• _Task brief_: From the line containing "101 West Elizabeth" through the last line of the entries below, transcribe each line exactly, excluding any picture.

Excerpts from a dataset:
##############################

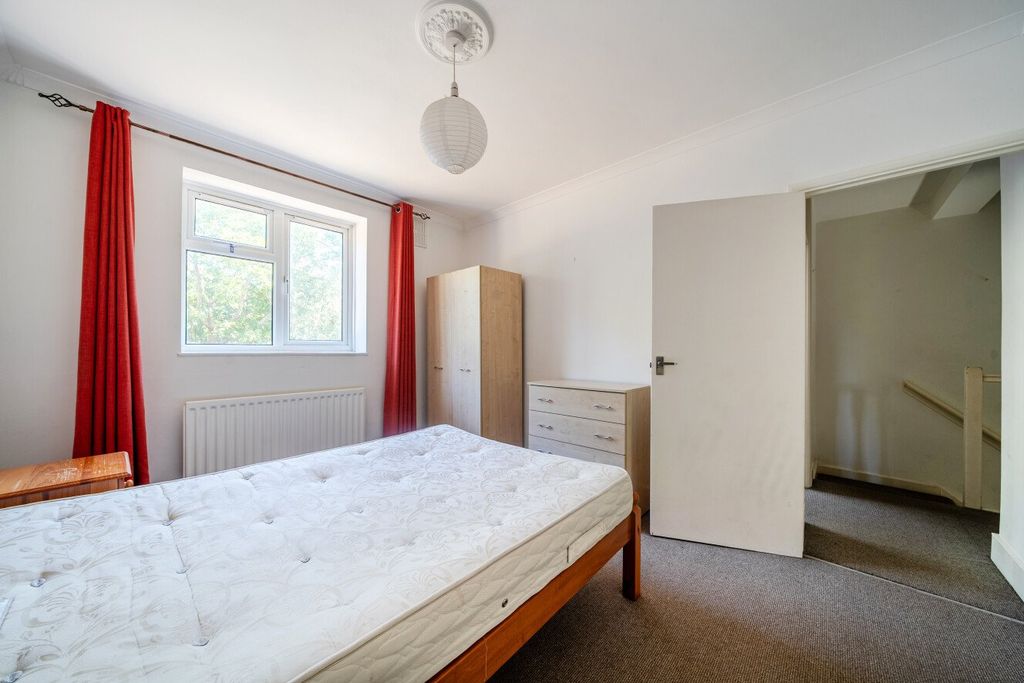 Property photo 3 of 11 Picture No. 23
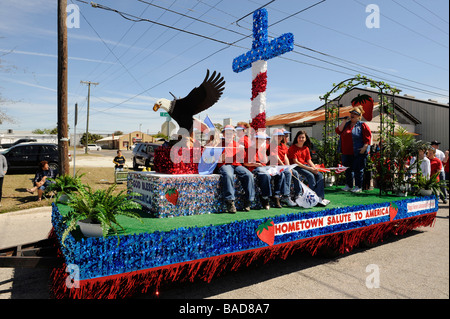 E patriottica Relgious galleggiante in Festival di fragola Parade Plant City Florida Foto Stock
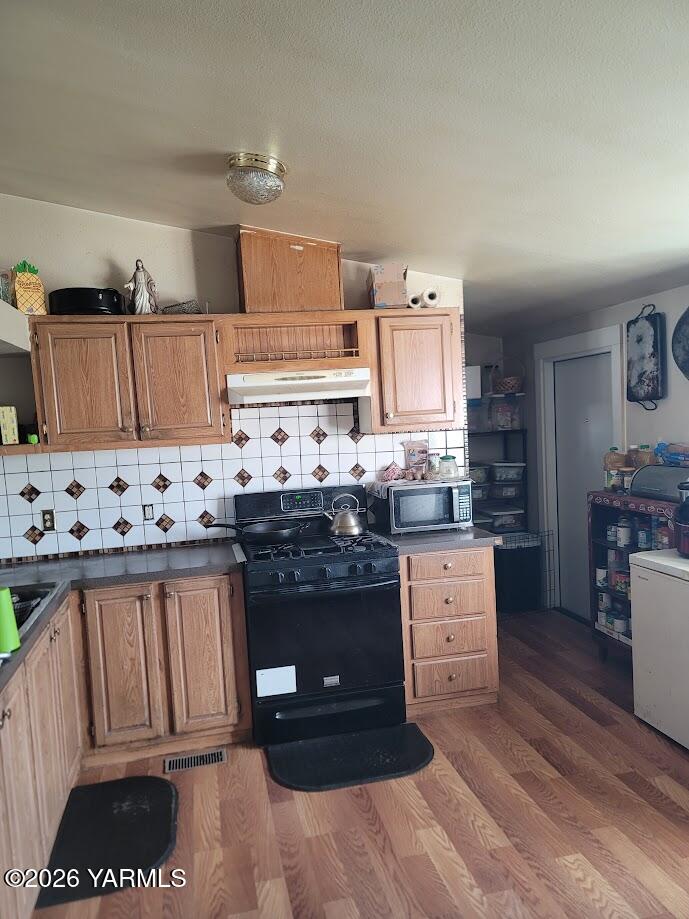 101 West Elizabeth Street Wapato, WA 98951 - Photo 3 of 7 a kitchen with stainless steel appliances granite countertop a stove and a sink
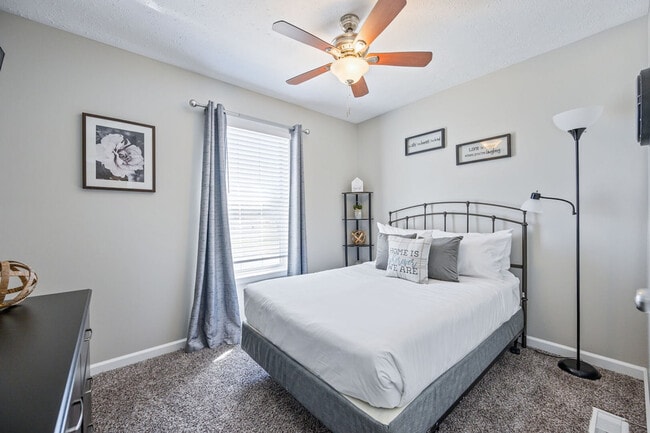 Foto del edificio - 126 Manning Mill Rd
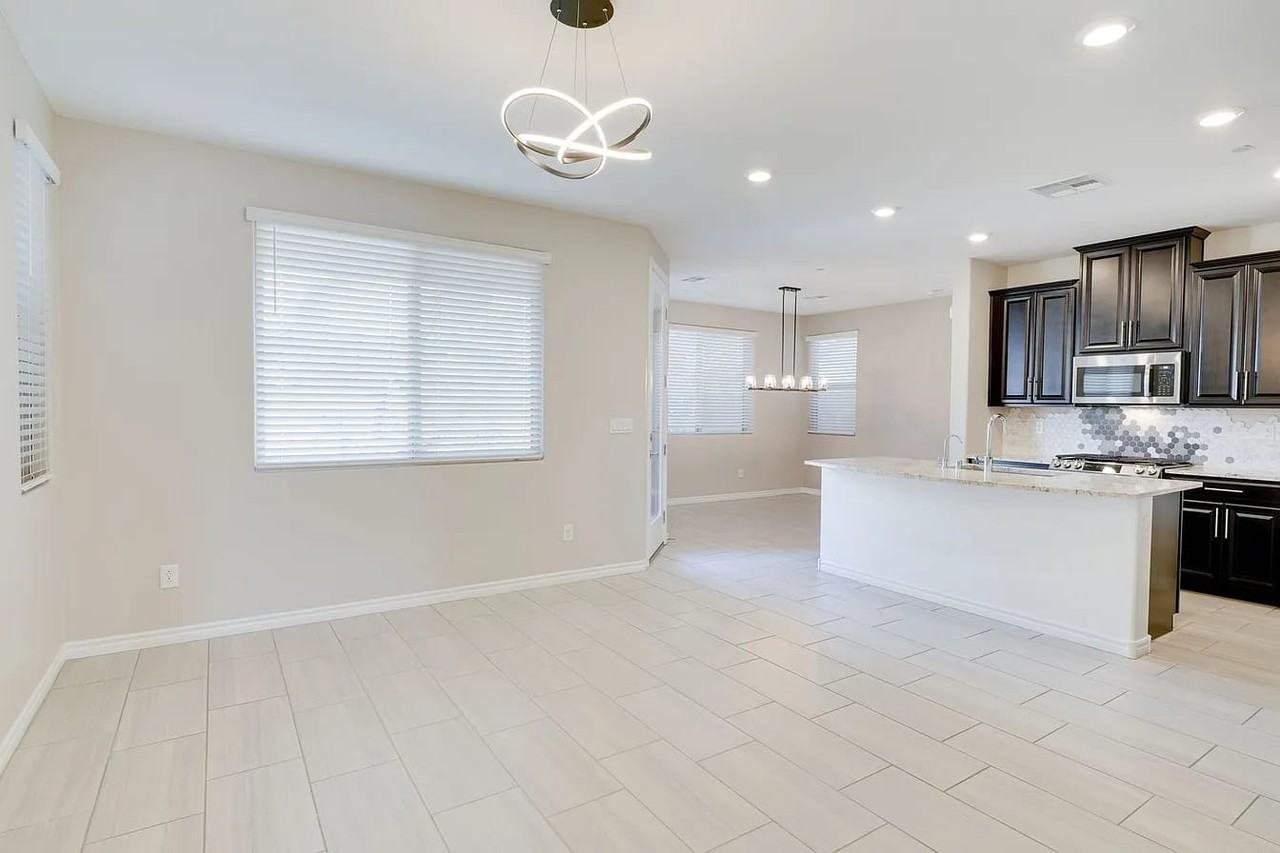 932 Lotus Falls St #NA - Photo 5 of 50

##############################

• _Solution to this exercise_:
 101 West Elizabeth Street Wapato, WA 98951 - Photo 3 of 7 a kitchen with stainless steel appliances granite countertop a stove and a sink
 Foto del edificio - 126 Manning Mill Rd
 932 Lotus Falls St #NA - Photo 5 of 50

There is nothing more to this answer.